(Brief descriptive captions)
☆ ☆ ☆ ☆ ☆ ☆ ☆

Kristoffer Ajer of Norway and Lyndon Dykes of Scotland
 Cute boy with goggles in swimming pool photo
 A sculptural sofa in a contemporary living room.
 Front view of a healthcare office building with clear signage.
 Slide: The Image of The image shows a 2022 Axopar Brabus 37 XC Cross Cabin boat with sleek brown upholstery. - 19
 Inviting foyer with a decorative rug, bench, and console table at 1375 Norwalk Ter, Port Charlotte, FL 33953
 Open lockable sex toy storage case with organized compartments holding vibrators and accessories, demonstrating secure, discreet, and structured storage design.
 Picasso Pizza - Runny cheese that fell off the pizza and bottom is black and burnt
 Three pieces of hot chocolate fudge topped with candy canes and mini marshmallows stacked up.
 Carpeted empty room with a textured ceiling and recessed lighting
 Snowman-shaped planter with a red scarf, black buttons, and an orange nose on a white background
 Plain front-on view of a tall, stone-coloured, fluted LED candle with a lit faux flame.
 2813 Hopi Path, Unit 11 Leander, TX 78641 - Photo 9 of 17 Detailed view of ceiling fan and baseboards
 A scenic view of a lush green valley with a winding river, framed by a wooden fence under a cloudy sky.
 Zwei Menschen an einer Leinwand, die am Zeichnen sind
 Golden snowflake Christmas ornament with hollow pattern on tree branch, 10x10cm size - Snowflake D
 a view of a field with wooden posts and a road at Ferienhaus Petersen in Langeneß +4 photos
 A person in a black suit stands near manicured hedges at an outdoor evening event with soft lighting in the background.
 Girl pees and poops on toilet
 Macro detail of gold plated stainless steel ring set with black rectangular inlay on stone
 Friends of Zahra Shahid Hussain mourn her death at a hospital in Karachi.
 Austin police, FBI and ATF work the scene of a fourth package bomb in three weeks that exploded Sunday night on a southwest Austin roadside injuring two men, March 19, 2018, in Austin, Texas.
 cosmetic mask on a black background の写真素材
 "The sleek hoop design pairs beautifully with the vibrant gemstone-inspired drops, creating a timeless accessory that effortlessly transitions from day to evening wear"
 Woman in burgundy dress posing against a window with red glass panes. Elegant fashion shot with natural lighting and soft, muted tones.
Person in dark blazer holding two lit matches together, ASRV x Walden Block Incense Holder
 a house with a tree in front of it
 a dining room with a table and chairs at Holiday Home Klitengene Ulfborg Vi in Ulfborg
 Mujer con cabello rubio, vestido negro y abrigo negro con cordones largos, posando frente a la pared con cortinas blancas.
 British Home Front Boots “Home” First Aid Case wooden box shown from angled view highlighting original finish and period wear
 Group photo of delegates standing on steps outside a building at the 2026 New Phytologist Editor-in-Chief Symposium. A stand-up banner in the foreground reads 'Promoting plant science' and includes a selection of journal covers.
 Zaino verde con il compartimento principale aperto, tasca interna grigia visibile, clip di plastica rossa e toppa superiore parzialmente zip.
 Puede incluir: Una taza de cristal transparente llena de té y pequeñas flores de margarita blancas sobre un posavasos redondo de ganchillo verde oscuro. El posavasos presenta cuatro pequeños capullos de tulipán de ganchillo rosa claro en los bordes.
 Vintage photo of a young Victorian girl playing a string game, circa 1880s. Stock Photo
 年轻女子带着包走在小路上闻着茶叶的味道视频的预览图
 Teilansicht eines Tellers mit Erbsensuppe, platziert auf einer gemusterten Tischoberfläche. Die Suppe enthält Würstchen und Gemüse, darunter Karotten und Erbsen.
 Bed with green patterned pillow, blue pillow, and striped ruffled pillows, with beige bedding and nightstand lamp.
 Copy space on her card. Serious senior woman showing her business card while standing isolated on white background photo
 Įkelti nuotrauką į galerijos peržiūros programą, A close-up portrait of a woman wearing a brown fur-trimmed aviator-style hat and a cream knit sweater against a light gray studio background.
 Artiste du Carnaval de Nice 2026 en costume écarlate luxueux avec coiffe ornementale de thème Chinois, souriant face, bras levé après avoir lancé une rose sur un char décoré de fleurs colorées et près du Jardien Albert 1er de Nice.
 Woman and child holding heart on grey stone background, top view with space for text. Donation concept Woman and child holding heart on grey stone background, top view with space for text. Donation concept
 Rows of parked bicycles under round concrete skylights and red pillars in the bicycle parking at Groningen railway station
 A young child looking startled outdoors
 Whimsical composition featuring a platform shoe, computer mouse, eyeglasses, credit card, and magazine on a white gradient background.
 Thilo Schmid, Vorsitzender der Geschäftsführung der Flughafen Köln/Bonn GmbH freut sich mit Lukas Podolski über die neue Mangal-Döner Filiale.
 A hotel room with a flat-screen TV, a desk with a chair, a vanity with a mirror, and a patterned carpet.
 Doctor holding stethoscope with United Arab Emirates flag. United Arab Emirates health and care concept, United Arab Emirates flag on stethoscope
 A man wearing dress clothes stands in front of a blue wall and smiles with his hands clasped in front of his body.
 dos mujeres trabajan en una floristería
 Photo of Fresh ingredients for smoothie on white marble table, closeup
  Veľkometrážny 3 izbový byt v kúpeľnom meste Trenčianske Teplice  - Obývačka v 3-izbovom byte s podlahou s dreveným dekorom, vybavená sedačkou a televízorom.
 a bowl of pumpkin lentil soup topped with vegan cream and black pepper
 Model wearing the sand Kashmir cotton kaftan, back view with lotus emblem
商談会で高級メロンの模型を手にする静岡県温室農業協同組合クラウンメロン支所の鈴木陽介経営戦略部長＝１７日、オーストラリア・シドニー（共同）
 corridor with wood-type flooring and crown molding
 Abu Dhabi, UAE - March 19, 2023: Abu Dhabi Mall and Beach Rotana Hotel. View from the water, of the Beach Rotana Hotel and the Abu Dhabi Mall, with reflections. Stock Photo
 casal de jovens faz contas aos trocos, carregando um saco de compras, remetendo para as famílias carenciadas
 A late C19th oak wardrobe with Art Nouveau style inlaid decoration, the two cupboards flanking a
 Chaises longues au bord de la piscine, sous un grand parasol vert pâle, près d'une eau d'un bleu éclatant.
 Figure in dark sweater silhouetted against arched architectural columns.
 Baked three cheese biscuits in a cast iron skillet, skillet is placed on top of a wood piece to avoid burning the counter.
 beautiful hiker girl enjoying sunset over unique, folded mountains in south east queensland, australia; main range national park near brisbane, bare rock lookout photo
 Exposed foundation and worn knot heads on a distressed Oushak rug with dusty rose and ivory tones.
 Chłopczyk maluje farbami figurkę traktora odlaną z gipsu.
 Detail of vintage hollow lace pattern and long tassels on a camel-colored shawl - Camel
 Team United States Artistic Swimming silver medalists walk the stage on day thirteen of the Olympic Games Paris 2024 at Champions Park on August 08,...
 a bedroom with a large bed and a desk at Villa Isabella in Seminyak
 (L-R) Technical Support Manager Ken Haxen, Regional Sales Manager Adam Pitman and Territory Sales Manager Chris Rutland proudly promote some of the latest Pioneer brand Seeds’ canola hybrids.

☆ ☆ ☆ ☆ ☆ ☆ ☆

> _WORK TASK_: What you return should match the data character for character.

> _WRITTEN ANSWER_:
Kristoffer Ajer of Norway and Lyndon Dykes of Scotland
 Cute boy with goggles in swimming pool photo
 A sculptural sofa in a contemporary living room.
 Front view of a healthcare office building with clear signage.
 Slide: The Image of The image shows a 2022 Axopar Brabus 37 XC Cross Cabin boat with sleek brown upholstery. - 19
 Inviting foyer with a decorative rug, bench, and console table at 1375 Norwalk Ter, Port Charlotte, FL 33953
 Open lockable sex toy storage case with organized compartments holding vibrators and accessories, demonstrating secure, discreet, and structured storage design.
 Picasso Pizza - Runny cheese that fell off the pizza and bottom is black and burnt
 Three pieces of hot chocolate fudge topped with candy canes and mini marshmallows stacked up.
 Carpeted empty room with a textured ceiling and recessed lighting
 Snowman-shaped planter with a red scarf, black buttons, and an orange nose on a white background
 Plain front-on view of a tall, stone-coloured, fluted LED candle with a lit faux flame.
 2813 Hopi Path, Unit 11 Leander, TX 78641 - Photo 9 of 17 Detailed view of ceiling fan and baseboards
 A scenic view of a lush green valley with a winding river, framed by a wooden fence under a cloudy sky.
 Zwei Menschen an einer Leinwand, die am Zeichnen sind
 Golden snowflake Christmas ornament with hollow pattern on tree branch, 10x10cm size - Snowflake D
 a view of a field with wooden posts and a road at Ferienhaus Petersen in Langeneß +4 photos
 A person in a black suit stands near manicured hedges at an outdoor evening event with soft lighting in the background.
 Girl pees and poops on toilet
 Macro detail of gold plated stainless steel ring set with black rectangular inlay on stone
 Friends of Zahra Shahid Hussain mourn her death at a hospital in Karachi.
 Austin police, FBI and ATF work the scene of a fourth package bomb in three weeks that exploded Sunday night on a southwest Austin roadside injuring two men, March 19, 2018, in Austin, Texas.
 cosmetic mask on a black background の写真素材
 "The sleek hoop design pairs beautifully with the vibrant gemstone-inspired drops, creating a timeless accessory that effortlessly transitions from day to evening wear"
 Woman in burgundy dress posing against a window with red glass panes. Elegant fashion shot with natural lighting and soft, muted tones.
Person in dark blazer holding two lit matches together, ASRV x Walden Block Incense Holder
 a house with a tree in front of it
 a dining room with a table and chairs at Holiday Home Klitengene Ulfborg Vi in Ulfborg
 Mujer con cabello rubio, vestido negro y abrigo negro con cordones largos, posando frente a la pared con cortinas blancas.
 British Home Front Boots “Home” First Aid Case wooden box shown from angled view highlighting original finish and period wear
 Group photo of delegates standing on steps outside a building at the 2026 New Phytologist Editor-in-Chief Symposium. A stand-up banner in the foreground reads 'Promoting plant science' and includes a selection of journal covers.
 Zaino verde con il compartimento principale aperto, tasca interna grigia visibile, clip di plastica rossa e toppa superiore parzialmente zip.
 Puede incluir: Una taza de cristal transparente llena de té y pequeñas flores de margarita blancas sobre un posavasos redondo de ganchillo verde oscuro. El posavasos presenta cuatro pequeños capullos de tulipán de ganchillo rosa claro en los bordes.
 Vintage photo of a young Victorian girl playing a string game, circa 1880s. Stock Photo
 年轻女子带着包走在小路上闻着茶叶的味道视频的预览图
 Teilansicht eines Tellers mit Erbsensuppe, platziert auf einer gemusterten Tischoberfläche. Die Suppe enthält Würstchen und Gemüse, darunter Karotten und Erbsen.
 Bed with green patterned pillow, blue pillow, and striped ruffled pillows, with beige bedding and nightstand lamp.
 Copy space on her card. Serious senior woman showing her business card while standing isolated on white background photo
 Įkelti nuotrauką į galerijos peržiūros programą, A close-up portrait of a woman wearing a brown fur-trimmed aviator-style hat and a cream knit sweater against a light gray studio background.
 Artiste du Carnaval de Nice 2026 en costume écarlate luxueux avec coiffe ornementale de thème Chinois, souriant face, bras levé après avoir lancé une rose sur un char décoré de fleurs colorées et près du Jardien Albert 1er de Nice.
 Woman and child holding heart on grey stone background, top view with space for text. Donation concept Woman and child holding heart on grey stone background, top view with space for text. Donation concept
 Rows of parked bicycles under round concrete skylights and red pillars in the bicycle parking at Groningen railway station
 A young child looking startled outdoors
 Whimsical composition featuring a platform shoe, computer mouse, eyeglasses, credit card, and magazine on a white gradient background.
 Thilo Schmid, Vorsitzender der Geschäftsführung der Flughafen Köln/Bonn GmbH freut sich mit Lukas Podolski über die neue Mangal-Döner Filiale.
 A hotel room with a flat-screen TV, a desk with a chair, a vanity with a mirror, and a patterned carpet.
 Doctor holding stethoscope with United Arab Emirates flag. United Arab Emirates health and care concept, United Arab Emirates flag on stethoscope
 A man wearing dress clothes stands in front of a blue wall and smiles with his hands clasped in front of his body.
 dos mujeres trabajan en una floristería
 Photo of Fresh ingredients for smoothie on white marble table, closeup
  Veľkometrážny 3 izbový byt v kúpeľnom meste Trenčianske Teplice  - Obývačka v 3-izbovom byte s podlahou s dreveným dekorom, vybavená sedačkou a televízorom.
 a bowl of pumpkin lentil soup topped with vegan cream and black pepper
 Model wearing the sand Kashmir cotton kaftan, back view with lotus emblem
商談会で高級メロンの模型を手にする静岡県温室農業協同組合クラウンメロン支所の鈴木陽介経営戦略部長＝１７日、オーストラリア・シドニー（共同）
 corridor with wood-type flooring and crown molding
 Abu Dhabi, UAE - March 19, 2023: Abu Dhabi Mall and Beach Rotana Hotel. View from the water, of the Beach Rotana Hotel and the Abu Dhabi Mall, with reflections. Stock Photo
 casal de jovens faz contas aos trocos, carregando um saco de compras, remetendo para as famílias carenciadas
 A late C19th oak wardrobe with Art Nouveau style inlaid decoration, the two cupboards flanking a
 Chaises longues au bord de la piscine, sous un grand parasol vert pâle, près d'une eau d'un bleu éclatant.
 Figure in dark sweater silhouetted against arched architectural columns.
 Baked three cheese biscuits in a cast iron skillet, skillet is placed on top of a wood piece to avoid burning the counter.
 beautiful hiker girl enjoying sunset over unique, folded mountains in south east queensland, australia; main range national park near brisbane, bare rock lookout photo
 Exposed foundation and worn knot heads on a distressed Oushak rug with dusty rose and ivory tones.
 Chłopczyk maluje farbami figurkę traktora odlaną z gipsu.
 Detail of vintage hollow lace pattern and long tassels on a camel-colored shawl - Camel
 Team United States Artistic Swimming silver medalists walk the stage on day thirteen of the Olympic Games Paris 2024 at Champions Park on August 08,...
 a bedroom with a large bed and a desk at Villa Isabella in Seminyak
 (L-R) Technical Support Manager Ken Haxen, Regional Sales Manager Adam Pitman and Territory Sales Manager Chris Rutland proudly promote some of the latest Pioneer brand Seeds’ canola hybrids.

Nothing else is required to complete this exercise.